In this project, you will explore this question using a dataset (described in Chapter 2) about student achievement in secondary education of two Portuguese schools, and its relation to various social, demographic, and educational factors.
We will extend our use of Quarto to do literate programming in R. You will write R functions to execute the steps of the data analysis, and will also write narrative text (in Quarto) to explain the analysis and your findings in plain English.
1.1 Objectives
- Produce a “filled-in” version of this website, following the overall structure in the table of contents at left. That is, you will:
- Perform exploratory data analysis, creating visual and descriptive summaries of the data
- Develop a regression model to predict student performance in relation to other characteristics of the students and their environments, describing your model selection process
- Draw conclusions in the context of this problem
1.2 Checklist
- Read the dataset description in Chapter 2 (completed for you)
- To get a sense of what you will be asked to do, read the instructions in Chapter 3 as an example. For each section, you will be writing R functions to perform data-analysis tasks, and then filling in a Quarto document to explain your work and findings.
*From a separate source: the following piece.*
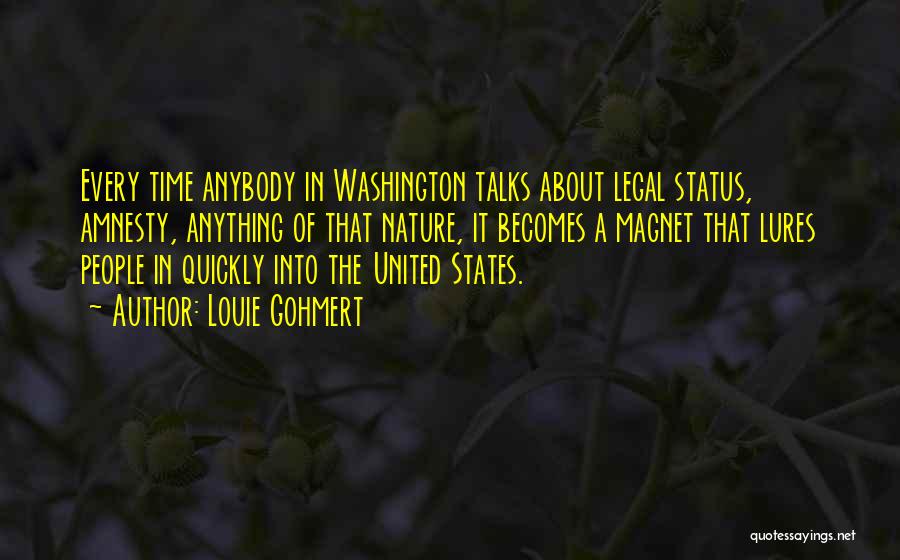 B T Washington Quotes By Louie Gohmert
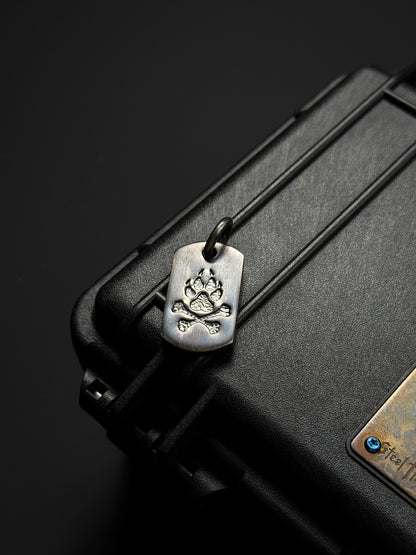 Steel Flame ウルフパウ TAG 925シルバー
This will entail parallel editing of both R scripts (to define the functions) and Quarto files (to explain your work in plain language), filling in a data-analysis project directory.
- Download the zip file student_performance.zip, which contains a template of the project directory. Specifically it has all the code used to produce this site.
- Find and unzip it on your computer, then open the project in RStudio or Positron
- Edit
_quarto.ymlto add your name - Read and follow the instructions in each section to complete the analysis and the website
1.3 Project organization
The project directory is organized as follows:
student_performance/
├── _brand.yml # Drew branding (colors, logo, fonts)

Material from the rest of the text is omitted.